I’d like to calmly address the critics who view James Cameron’s Avatar as perpetuating a racist motif. Critics have said that Avatar uses the “white man as messiah” motif as countless movies have before it, including, and they name, The Last Samurai, Dances with Wolves, James Stewart’s Broken Arrow, Fern Gully, even the recent District 9. All have a white man slowly becoming a person of another culture and then leading that group to victory, escape, salvation, etc. I don’t disagree on many of their points, but on one major point–that accusation that the “white messiah” motif is inherently “negatively” racial–I do disagree. And its application to Avatar is unfounded as a racial comment.
But first, some things we might agree on.
1. James Cameron’s Avatar is a breathtakingly beautiful movie, in part because of the special effects, and the high attention to detail in the world-building. This is superb world-building. Anyone crafting science fiction or fantasy needs to pay attention to the detail of this movie and learn from it.
2. James Cameron’s plot is both borrowed, and in its best light, echoing the plots of other movies. We listed those. I think of this as Dances with Wolves in space–but with ONE major difference (explained below). But we can all agree that the plot is not fantasically new. One person infiltrates the “enemy” and finds out that they want to switch sides and then fights the group they had been with. At its essence a movie like this is about prejudice, discovery, education, betrayal and, ultimately, self-sacrifice. Some movies not mentioned but which still carry the same theme are: The Mission, any number of movies where a cop infiltrates a “bad” organization (usually the Mafia) and the cop turns against the cops (who might be portrayed as corrupt), Tarzan, The Jungle Book, even back to the Biblical story of Saul who becomes Paul, and leads the Christians to victory, or at least to vast organization and political power. This motif of the persecutor becoming the persecuted and learning from that experience is not necessarily a “white messiah story.” Let’s concede that his plot is not new.
3. The Na’vi are quite clearly a parallel to the Native Americans of the United States. They could also ring true in other countries where the aboriginal population was seen as inferior, and therefore moveable and extinguishable, and the atrocities done to those cultures because they were perceived this way.
The argument that Avatar is “racially charged” has several forms on the web right now. Look here and here and here, and you will see the argument clearly. Unfortunately, it is a reductionary argument, looking only at who leads who, who saves who, and deciding on that basis, that a film, or story, is racist. It is a climax-oriented criticism, and misses, I think, the point of plots like this.
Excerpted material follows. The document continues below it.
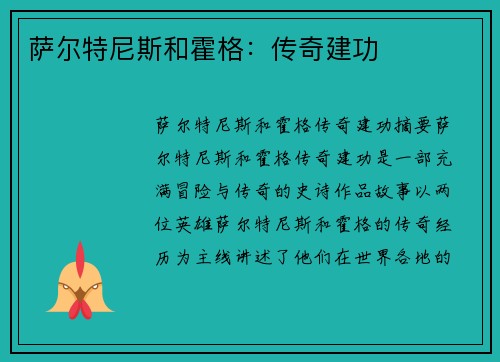 萨尔特尼斯和霍格：传奇建功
What some critics are not considering is WHY the plot takes a “persecutor”–usually a person who is by birth part of a group of people who is persecuting, but who has personal dignity that might make him “teachable”–and puts him in the shoes of the persecuted. Often, writers give that person a personal failing, or handicap. In Sully’s case, it is a physical handicap. In Cruise’s character in Last Samurai it is alcohol; in Costner’s character in Dances with Wolves, it is recklessness and suicidal tendencies.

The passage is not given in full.